Glad to do so. Let's hop in the way-back machine and see what those early proponents of the Minimum Wage were trying to do:
The problem, you see, was that those daggum ole Free Market Business People were doing the wrong thing. Specifically, they were hiring blacks. The original controversy over the minimum wage centered on what to do about what Sidney Webb called the "unemployable class." By which he meant "negroes" and (and, this has always been one of my favorite Progressive phrasings) "the Mongrelized Asian Hordes". It was Webb's belief, shared by many of the progressive economists affiliated with the American Economic Association, that establishing a minimum wage above the value of the "unemployables" worth would lock them out of the market, accelerating their elimination as a class. "Of all ways of dealing with these unfortunate parasites," Webb observed, "the most ruinous to the community is to allow them unrestrainedly to compete as wage earners."

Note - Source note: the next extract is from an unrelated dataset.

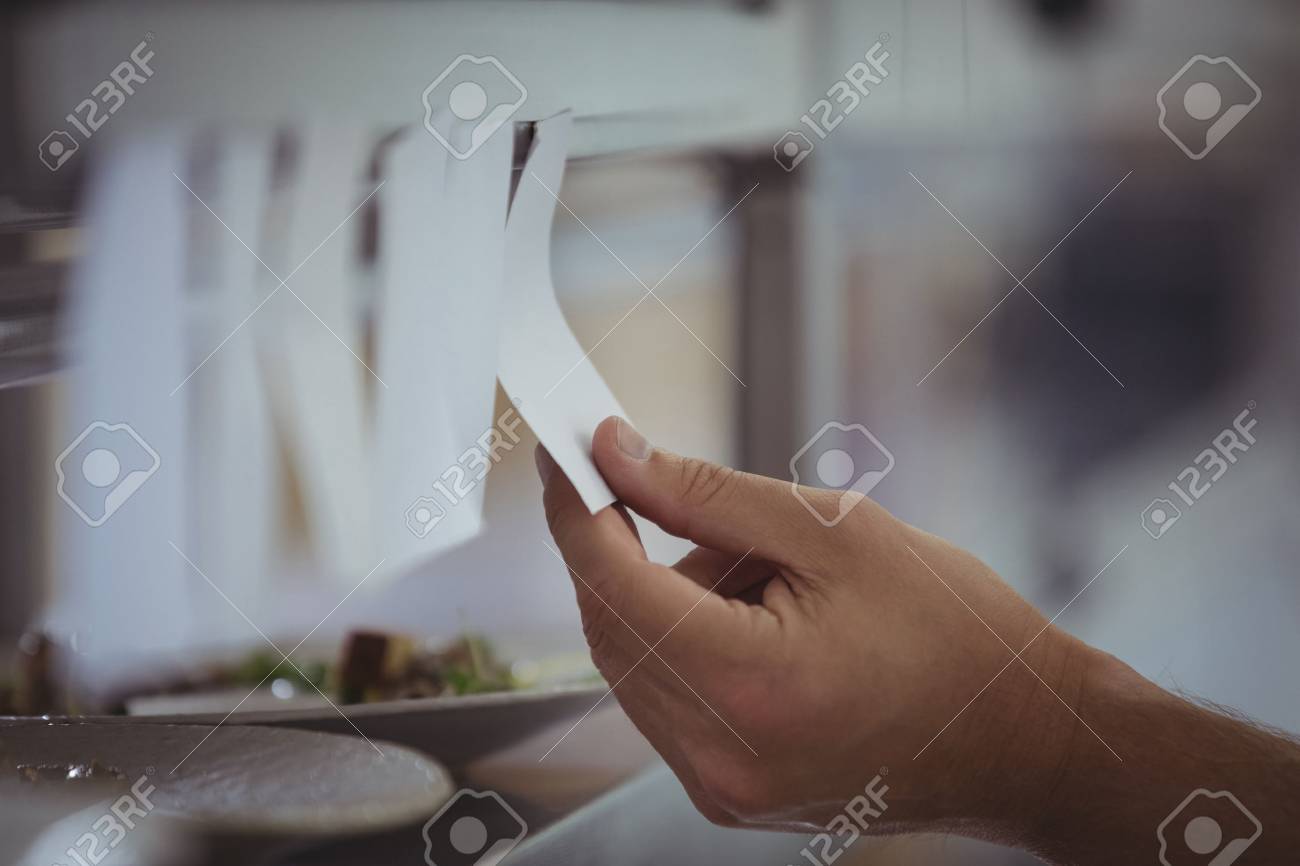 Close Up Of Chef Holding An Order List In The Commercial Kitchen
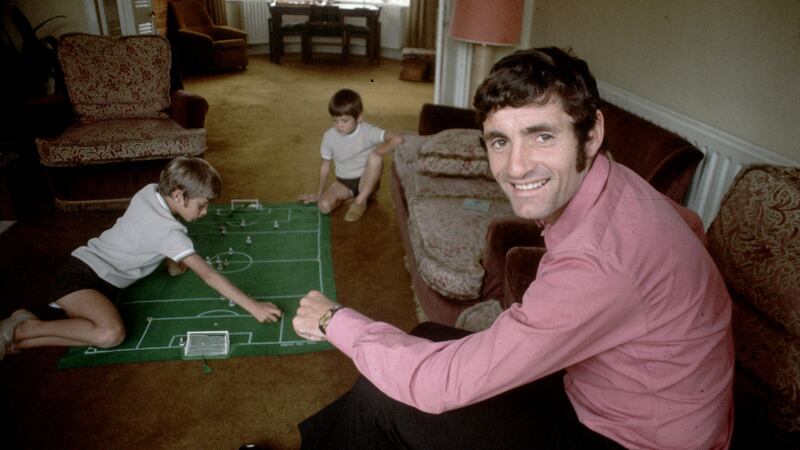 Arsenal footballer Frank McLintock at home watching his children playing the football game Subbuteo. Photograph: Express/Express/Getty Images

Sociologist E. A. Ross put it succinctly: "The Coolie cannot outdo the American, but he can underlive him." Since the inferior races were content to live closer to a filthy state of nature than the Nordic man, the savages did not require a civilized wage. Hence if you raised minimum wages to a civilized level, employers wouldn't hire such miscreants in preference to "fitter" specimens, making them less likely to reproduce and, if necessary, easier targets for forced sterilization. Royal Meeker, a Princeton economist and adviser to Woodrow Wilson, explained: "Better that the state should support the inefficient wholly and prevent the multiplication of the breed than subsidize incompetence and unthrift, enabling them to bring forth more of their kind."
We got the Davis-Bacon Act for the same reason. Darn ole blacks and immigrants were getting jobs when Decent White People' weren't. So, you raise the barrier for entry into the market, knowing that you'll price out many of the "undesirables".